Rapporto uomo-robot: finora esistevano soltanto stime. Una ricerca ipotizzava parlava, su scala globale, della perdita di sei milioni di posti di lavoro a causa dell’automazione nell’industria negli ultimi 25 anni, quindi dell’introduzione di robot più o meno sofisticati all’interno delle linee di produzione industriale. A questa analisi se ne aggiunge però in questi giorni una più puntuale, realizzata da Daron Acemoglu, ricercatore del Mit, e dal collega Pascual Restrepo della Boston University, i cui risultati sono stati pubblicati oggi dal Washington Post.
Dallo studio emerge che tra il 1990 e il 2007 l’automazione nei processi di produzione è costata agli Stati Uniti la perdita di 670mila posti di lavoro. La metà di questi è direttamente legata ai processi di produzione, quindi ai lavoratori fisicamente sostituiti dai robot, e l’altra metà ai licenziamenti generati nel settore del commercio dalla perdita del potere d’acquisto per gli operai usciti dal circuito del lavoro.
Per i lavoratori “espulsi” dal sistema, inoltre, emerge dalla ricerca, il processo di “adattamento” ai cambiamenti tecnologici risulta molto più lento di quanto preventivato, e più doloroso dal punto di vista dei costi sociali.
Ogni robot industriale, secondo la ricerca, ha eliminato in media tre posti di lavoro “per umani”, più altri tre posti di lavoro nei sistemi economici locali interessati da questo mutamento.
Per porre rimedio a questa situazione, tra l’altro, non si sarebbero dimostrati abbastanza efficaci gli sforzi del Governo statunitense per dare nuove chance ai lavoratori che hanno perso il lavoro, con intere comunità che hanno visto scendere drasticamente il proprio potere d’acquisto.

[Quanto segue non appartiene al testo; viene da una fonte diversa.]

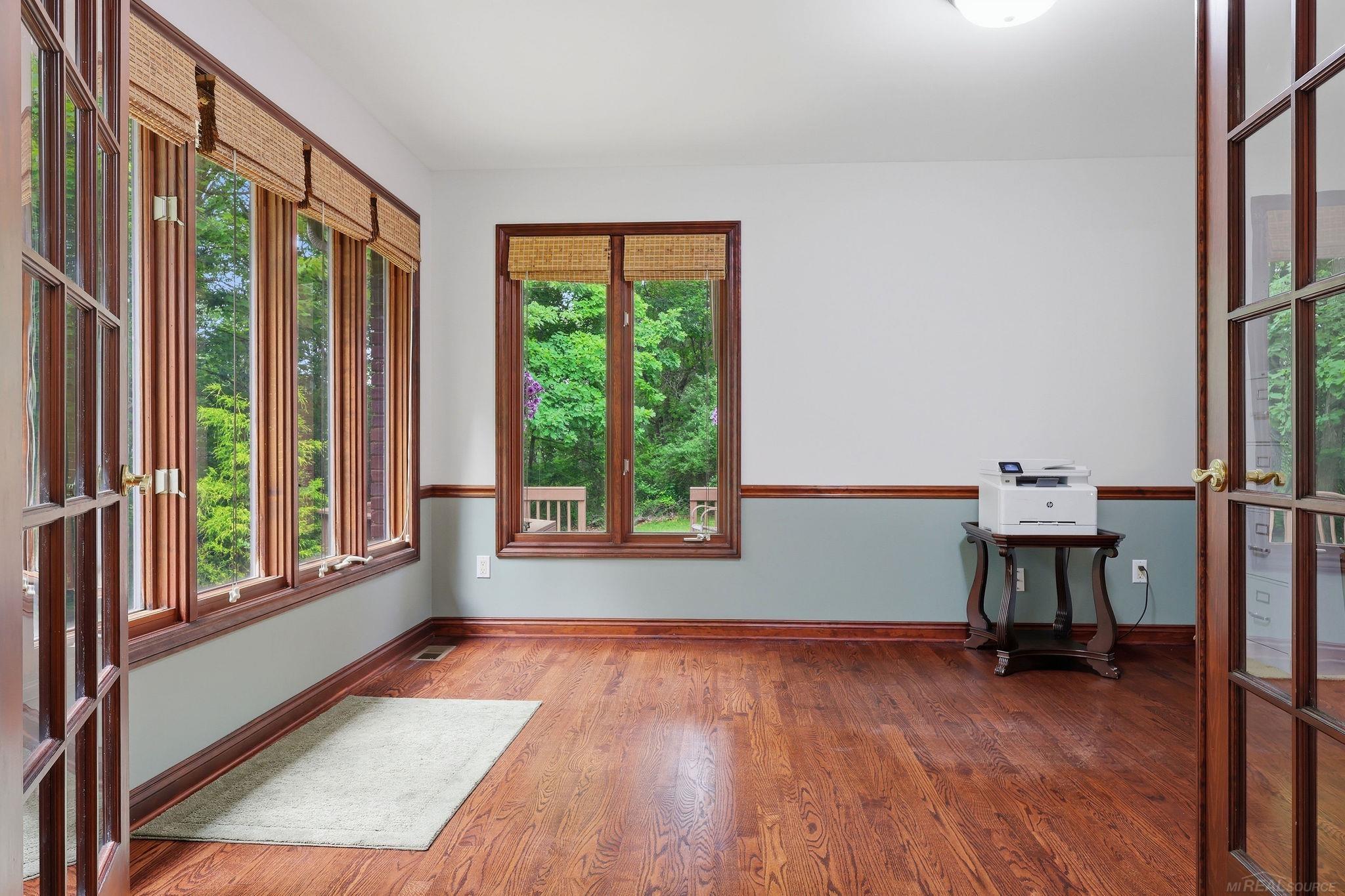 3867 Nutcracker Court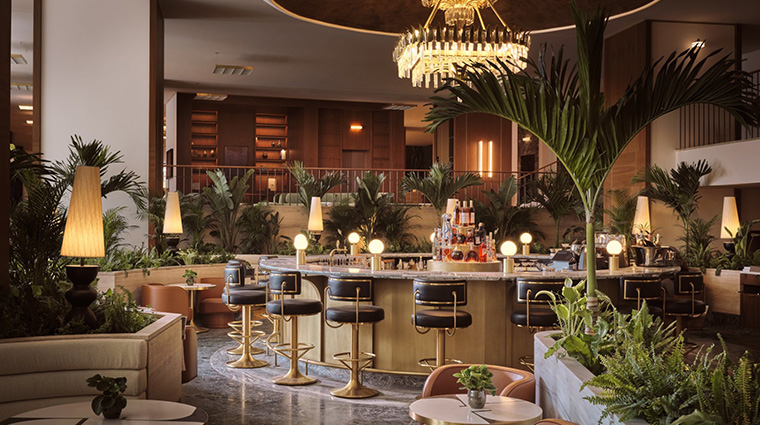 conrad athens the ilisian15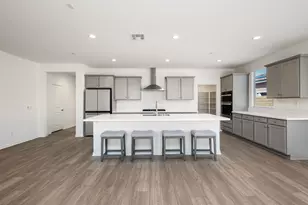 78879 Fortuna Pl, Palm Desert, CA 92211 - Photo 12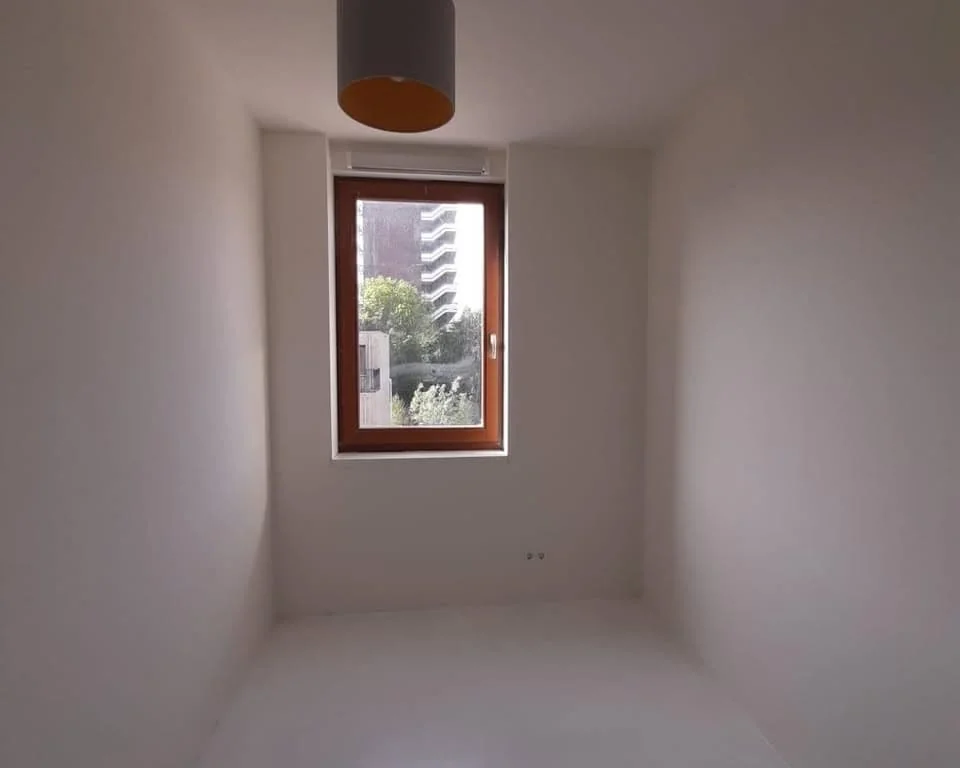 Foto van de Kamer gelegen aan de IJsselmeerstraat in Amsterdam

Situazione che non sarebbe il risultato di un “contraccolpo” limitato nel tempo, ma di una ferita che per rimarginarsi potrebbe richiedere un’intera generazione.
Questo nonostante la produttività nelle fabbriche sia aumentata grazie all’innovazione, e la tecnologia abbia creato in alcuni settori nuove opportunità, come nel campo della finanza, dove il processo di adattamento è stato più rapido, e il numero dei posti di lavoro ha continuato a salire progressivamente nonostante un utilizzo sempre più massiccio dei computer per l’analisi dei dati, per le ricerche e anche per il vero e proprio trading. In questo comparto, infatti, stando all’analisi del Washington Post, le nuove tecnologie hanno “amplificato” in modo rapido e tangibile le opportunità per persone con un livello più alto di competenze e di talento.